During the Iraq War, I made an effort not to stand for the United States’ national anthem while it played. The context for this was almost always sports games, because even though ESPN Radio (which I listen to a lot between Uber drives these days, while the NPR station is playing jazz and I’m waiting for the BBC World Service to come on) insisted (before this past week) on shouting down any caller who brought up politics, sports have been insidiously intertwined with politics for decades in this country. We have military nights, we have anthems before everything, we have the ongoing extra displays of patriotism since 9/11. Like so many elements of our society, we are made to forget that the default setting of what we perceive as normal is, itself, a political statement. We live in a deeply politicized reality, one where every student is made to swear unwavering loyalty to a piece of cloth every morning in a ritual that, were it discovered in North Korea, we would lampoon as the result of creepy brainwashing.
I say “made an effort not to stand” because there were a couple of times during that war that I can recall reluctantly and awkwardly standing, because I didn’t want to make the person I was attending the game with uncomfortable. In light of Colin Kaepernick’s brave public protest (ironically being called a “stand” in many quarters, which I can’t reconcile enough to invoke), I feel even more ashamed than I did at the time about these compromises. I at least a couple times went to the bathroom during the anthem at these times rather than do my customary sit, often when attending the game with just one friend, often someone more conservative, and I just didn’t want to get into the difficult debate in that moment. And, frankly, it’s not just this piece of cowardice that demonstrates to me the difficulty of Kapernick’s incredible protest. It’s the fact that during most of my Iraq War seatings, I was accompanied by others who joined me in the protest. My wife at the time, and two of our very good friends. I’m not even sure we even talked about it specifically or that thoroughly. I’m sure I discussed it with my wife at some point, but it felt like an organic thing. But it’s way easier to sit as a group of four than solo.
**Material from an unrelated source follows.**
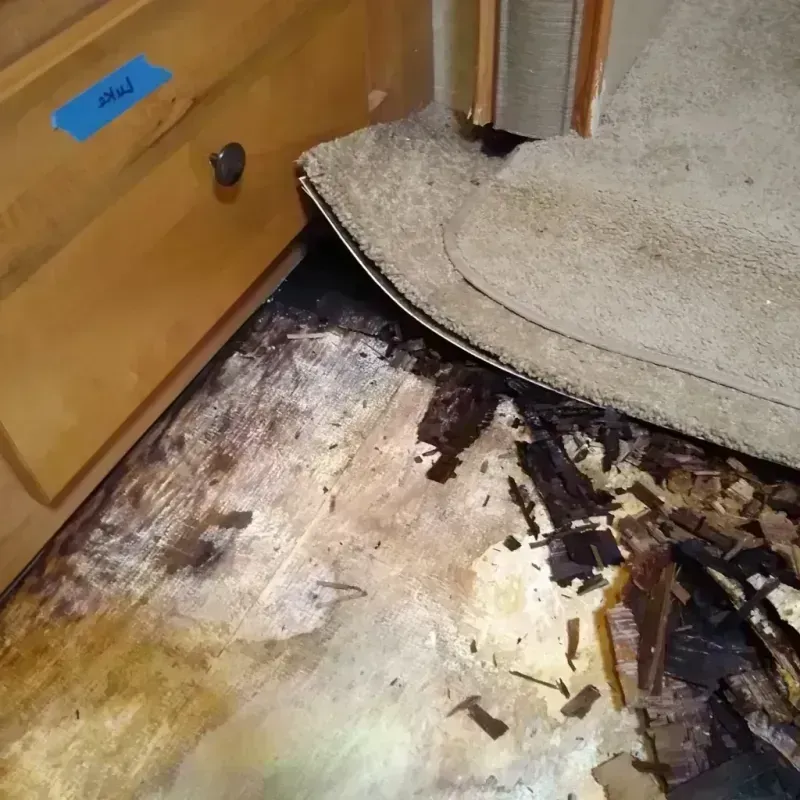 Wood Floor Water Damage in Nacogdoches, TX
Admittedly, I also did this when I attended baseball games by myself.
I’ve always been uncomfortable with the anthem and the adoration of the flag, turning my back on the ceremony at times during high school and rolling my eyes and sighing awkwardly, hands buried in pockets, during sports game ceremonies both before and since Iraq. Kaepernick has reminded me that the Iraq War, while poignantly awful in American history, was by no means the only thing warranting this small silent signal of resistance. And deep down, I knew that. I just got tired of the angsty separation from the rest of the crowd, the terse comments from a handful of people, the (at least twice) slaps from older gentlemen accompanied by “get up!” (this only happened when I was alone). No one ever tried to engage me in why I was doing what I was doing. And only once did I see someone else in a ballpark joining me in the (lack of) move, though admittedly sitting while everyone else is standing can make it hard to see (except at Oakland baseball games, where attendees are few and far between).
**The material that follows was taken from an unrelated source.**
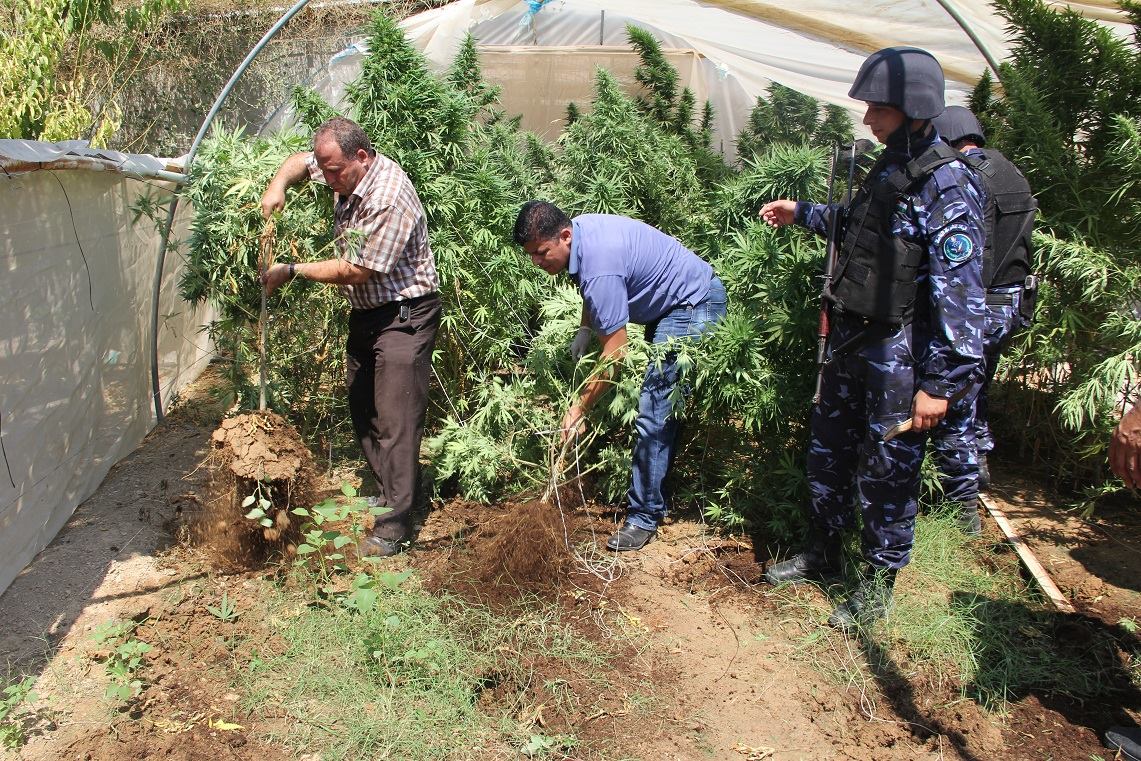 ‏ ضبط مشتل ضخم مزروع بالقنب المخدر شمال نابلس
The anthem stands for might-makes-right, it stands for the notion that a piece of cloth is more important than human life, it stands for the idea that all manner of human violence is worth it if our empire prospers. It is, even before people started talking this week about the grotesque verse taking joy in the death of freed slaves, the embodiment of what I object to about the American Empire. Glorying in war, the utilization of war as a means for our own advancement, the prioritization of cloth over life. And its universal proliferation before sporting events, before gatherings and conventions and convocations is, like the pledge, a little piece of ongoing indoctrination into this militaristic value set before every little ceremony. Kill for your flag. This is what’s important.
During the Iraq protest, I had dreams of starting a campaign that I would call Don’t Stand for It. Mostly, I was lonely and wanted more people to sit with me, because it felt like the right kind of protest that was small but powerful and well matched with what was being protested. It’s an anthem of war, so let’s not honor that during one of our many aggressive, ongoing, deeply unjust wars of imperialism. My follow-through on these kinds of campaigns is notoriously bad, so I can’t really lament not registering that website or starting that campaign – it wouldn’t have gotten more than a handful of supporters anyway.
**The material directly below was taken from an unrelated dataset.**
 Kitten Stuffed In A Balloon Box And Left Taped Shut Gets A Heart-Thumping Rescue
This is what makes Kaepernick’s protest so inspiring and exciting. He has the platform to broadcast his message, the power to get people to join with him. He has reminded me that I was just copping out during all those Pelicans games, that the arc of American injustice is long and bends towards the flag. It took momentous bravery for him to make this statement, in a year when he wasn’t even assured a starting position on his own team, at a time in our media culture when he knew he was deliberately putting himself in the crosshairs of every zealous racist, warmonger, so-called patriot, and conservative in the nation. He knew exactly what kind of firestorm of criticism and anger would beset him and he sat, alone, regardless. This is what heroism looks like.
As has been well documented in the American media, much of the predictable backlash to Kaepernick’s sitting has been unadulterated racism, newly distilled in the resurgently open bigotry that accompanies many factions of Trump supporters and the opponents of Black Lives Matter. But the mainstream backlash is more insidious – the commentators on ESPN alleging irony that Kaepernick is “protesting a symbol of his right to protest” and saying that he is “disrespecting veterans who are fighting for his right to protest like this”. It’s one of the most knee-jerk, rote, and incorrect assumptions about our flag, anthem, and military: that they have something to do with our freedom. If you can even get past the initial issue that tools of mass-coercion and imperialism can ever be about freedom, even if that “freedom” is coming on the back of oppression of those both outside this country and locked up in this one.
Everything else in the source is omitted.